[Opening Supplied information section]

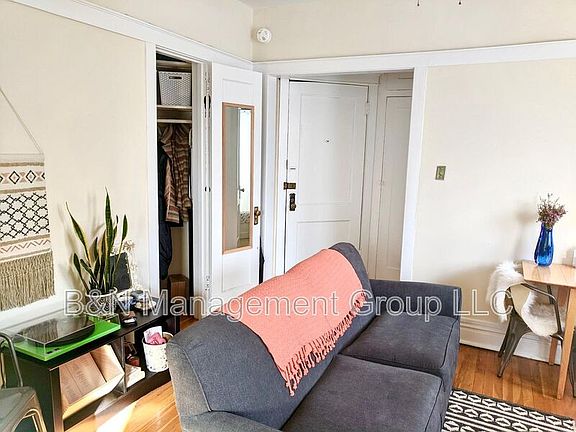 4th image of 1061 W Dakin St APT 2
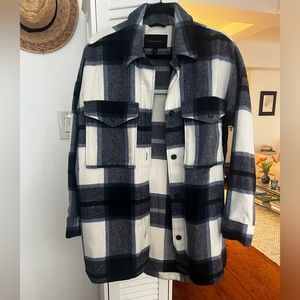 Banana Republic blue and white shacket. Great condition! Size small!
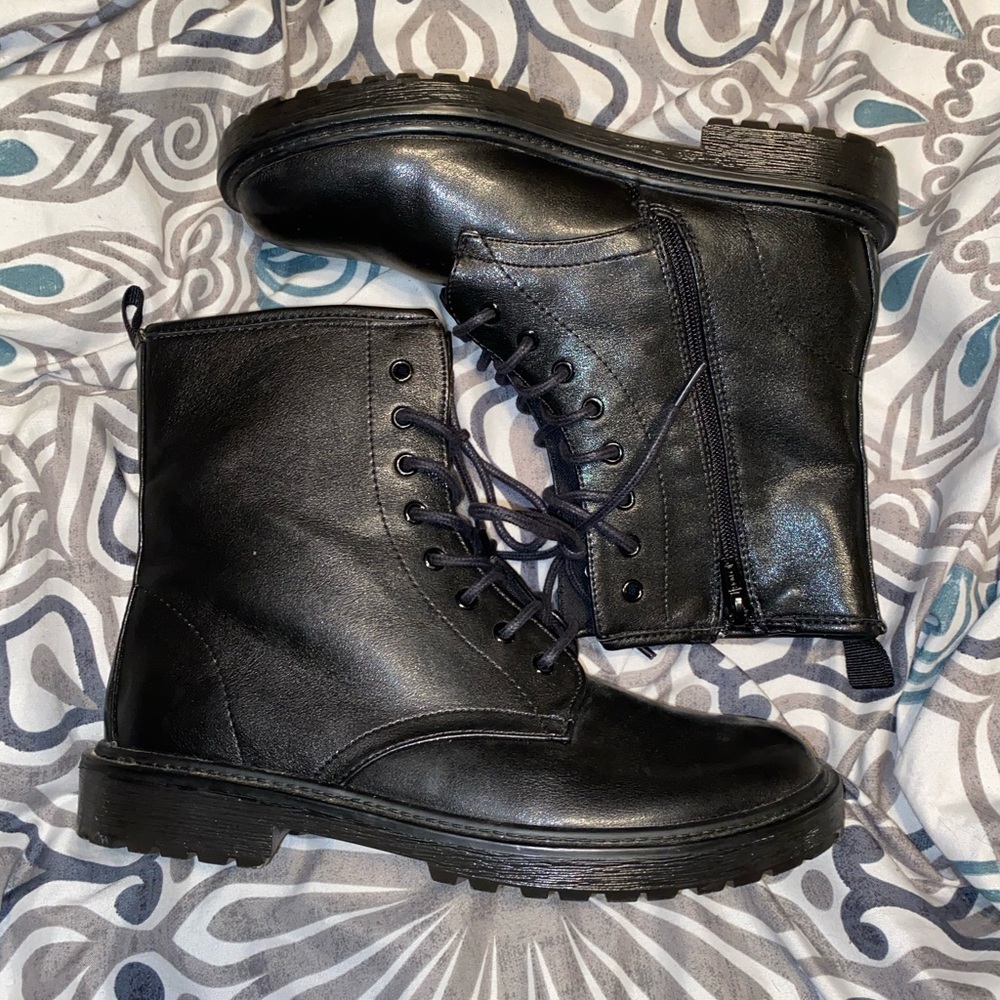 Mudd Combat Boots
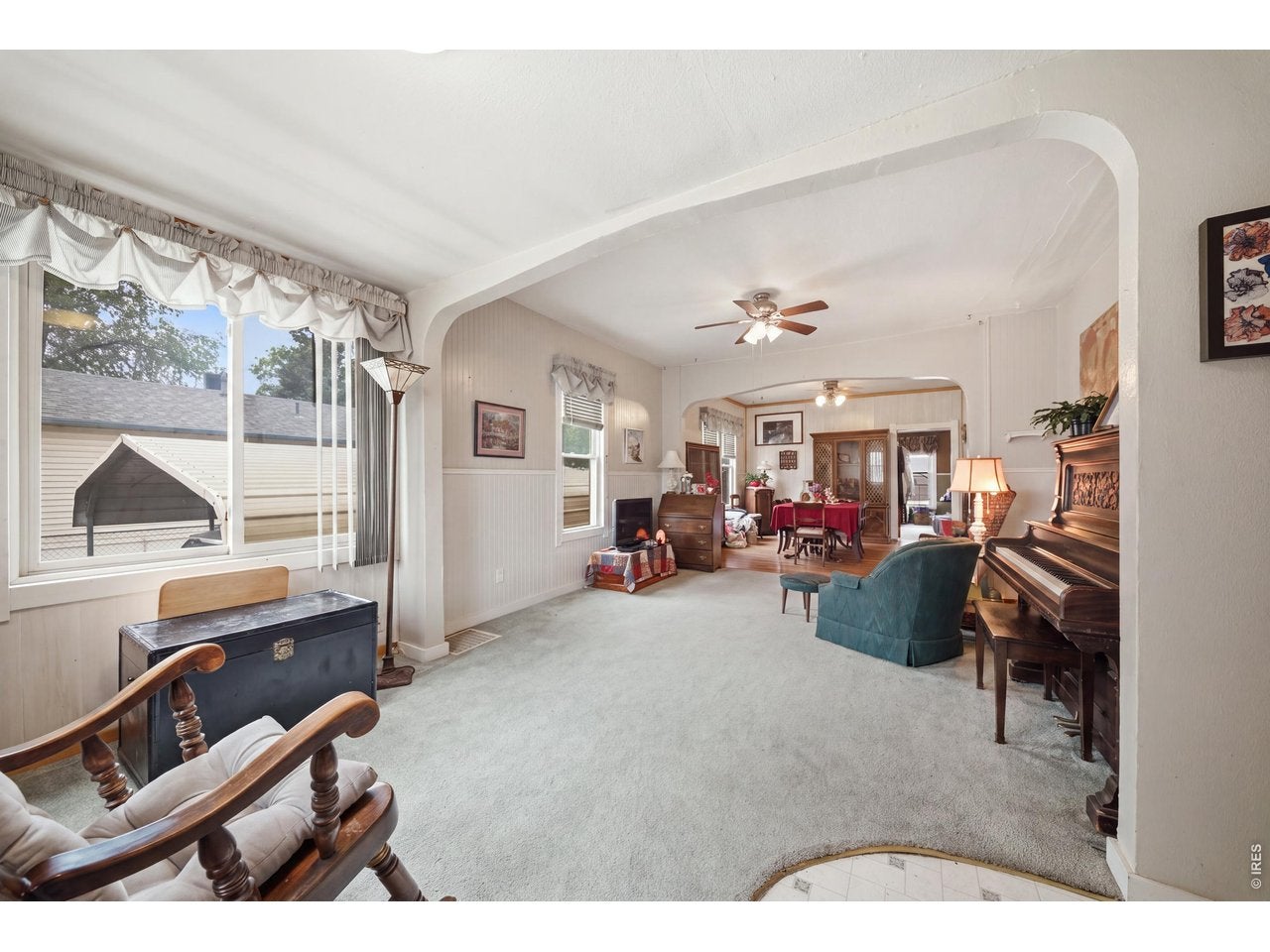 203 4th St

[Closing Supplied information section]

- **Assigned task**: Exclude the images and reproduce the remaining data exactly.

- **Answer to the exercise**:
 4th image of 1061 W Dakin St APT 2
 Banana Republic blue and white shacket. Great condition! Size small!
 Mudd Combat Boots
 203 4th St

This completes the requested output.